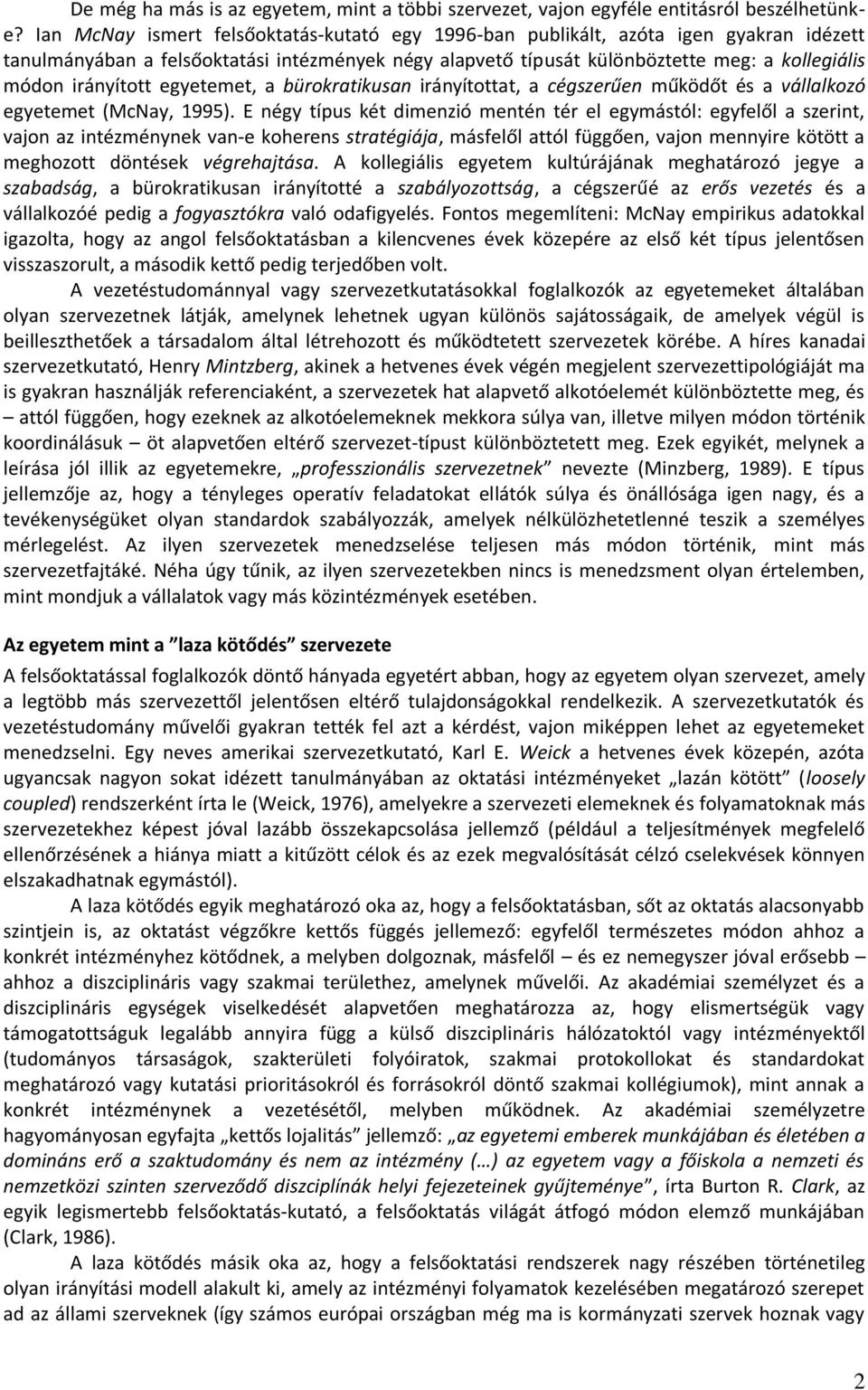 irányított egyetemet, a bürokratikusan irányítottat, a cégszerűen működőt és a vállalkozó egyetemet (McNay, 1995).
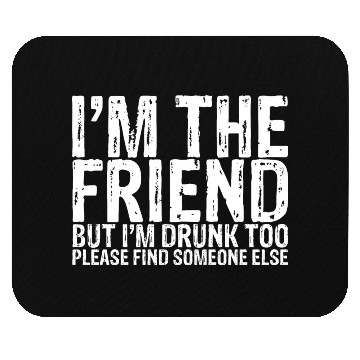 Discover I'm Drunk Too Please Find Someone Else 1 Mouse Pads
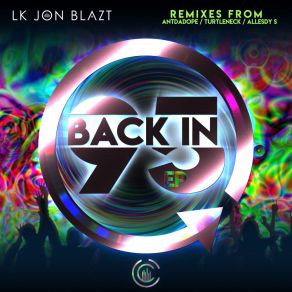 Download track Back In 95 LK Jon Blazt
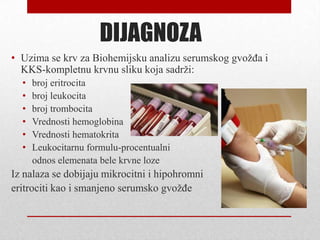 DIJAGNOZA
• Uzima se krv za Biohemijsku analizu serumskog gvožđa i
KKS-kompletnu krvnu sliku koja sadrži:
• broj eritrocita
• broj leukocita
• broj trombocita
• Vrednosti hemoglobina
• Vrednosti hematokrita
• Leukocitarnu formulu-procentualni
odnos elemenata bele krvne loze
Iz nalaza se dobijaju mikrocitni i hipohromni
eritrociti kao i smanjeno serumsko gvožđe
 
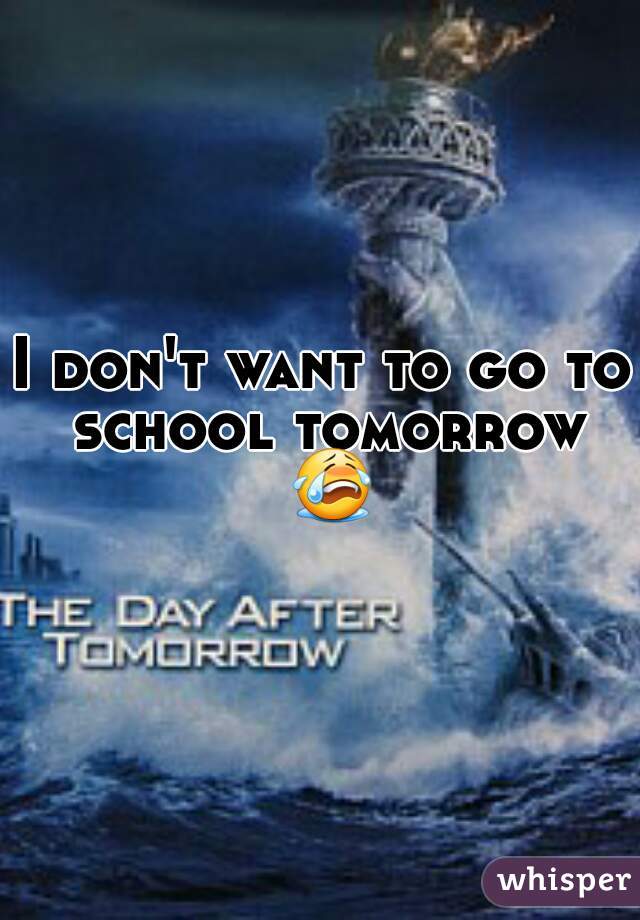 I don't want to go to school tomorrow 😭 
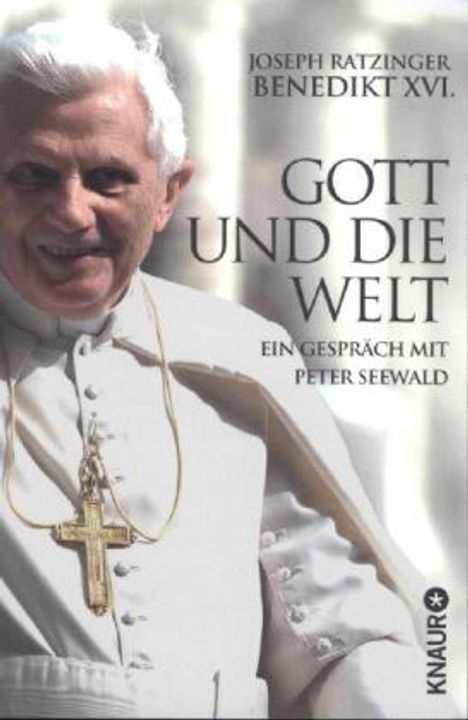 Benedikt XVI.: Ratzinger, J: Gott und die Welt, Buch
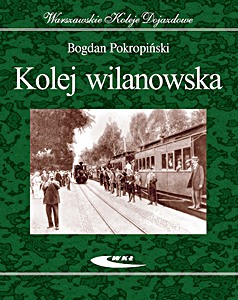 Książka: Kolej wilanowska 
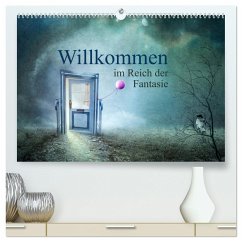 Willkommen im Reich der Fantasie (hochwertiger Premium Wandkalender 2025 DIN A2 quer), Kunstdruck in Hochglanz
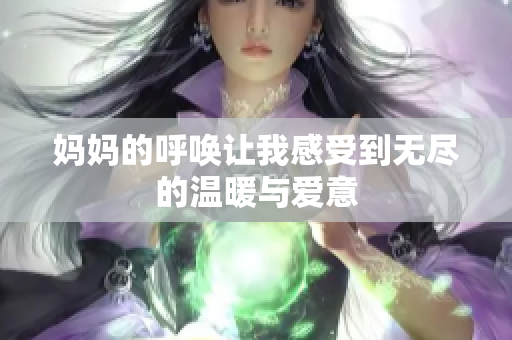 妈妈的呼唤让我感受到无尽的温暖与爱意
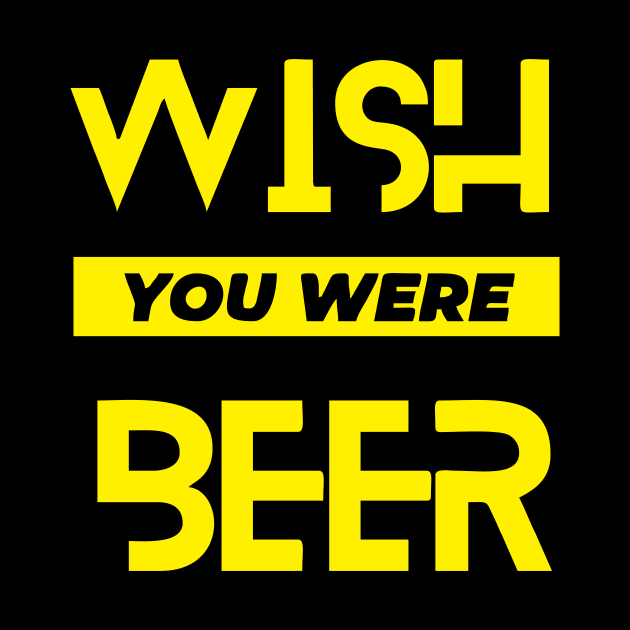 wish you were beer gift beer lovers by Faishal Wira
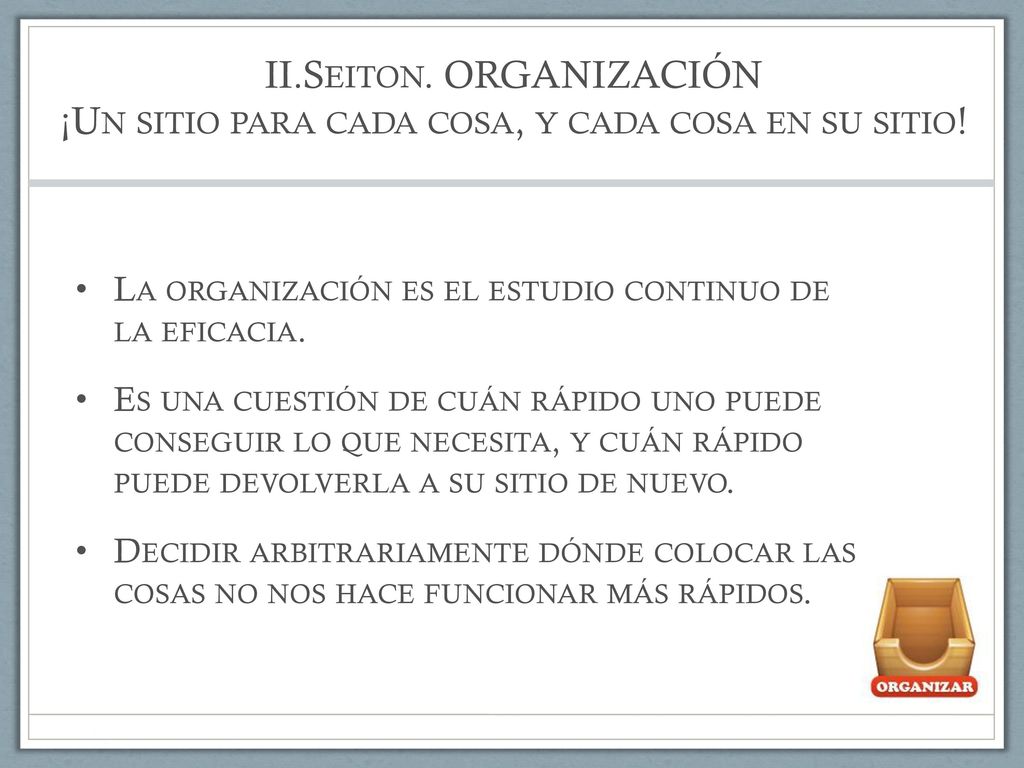 II.Seiton. ORGANIZACIÓN ¡Un sitio para cada cosa, y cada cosa en su sitio!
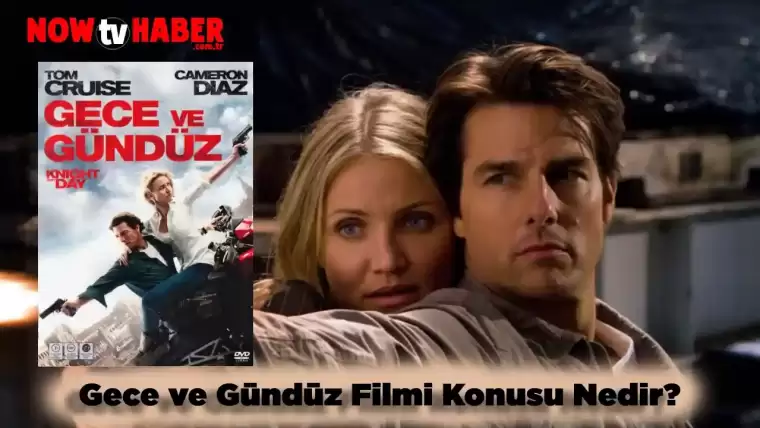 Gece ve Gündüz Filmi Konusu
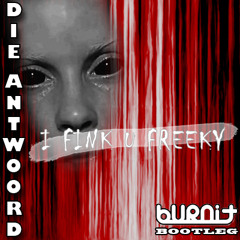 Die Antwoord - I Fink U Freeky (BurniT Bootleg) FREE DOWNLOAD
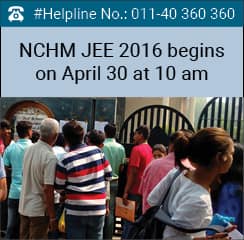 NCHM JEE 2016 begins on April 30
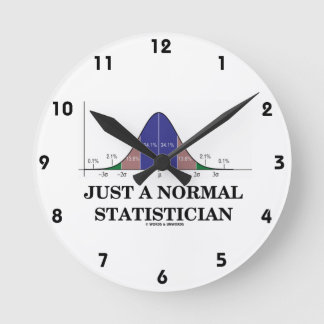 Nur ein normaler Spaß eines Statistikers Runde Wanduhr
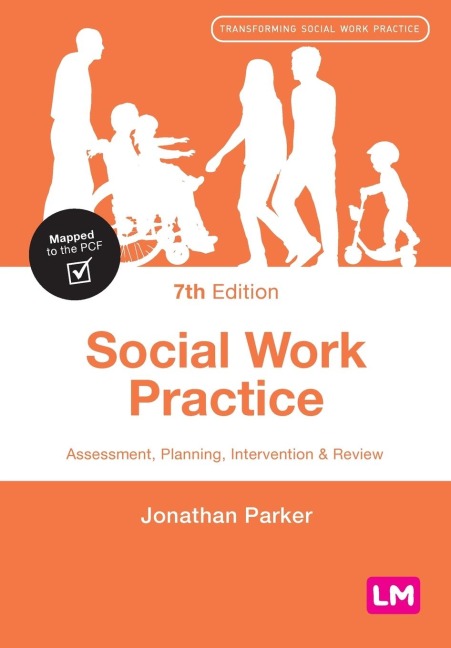 Social Work Practice: Assessment, Planning, Intervention and Review (Seventh Edition)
+--
* **HOW TO COMPLETE THIS TASK**: Among the lines above, find those carrying the word "broj" and copy them out.

* **ANSWER BELOW**:
• broj eritrocita
• broj leukocita
• broj trombocita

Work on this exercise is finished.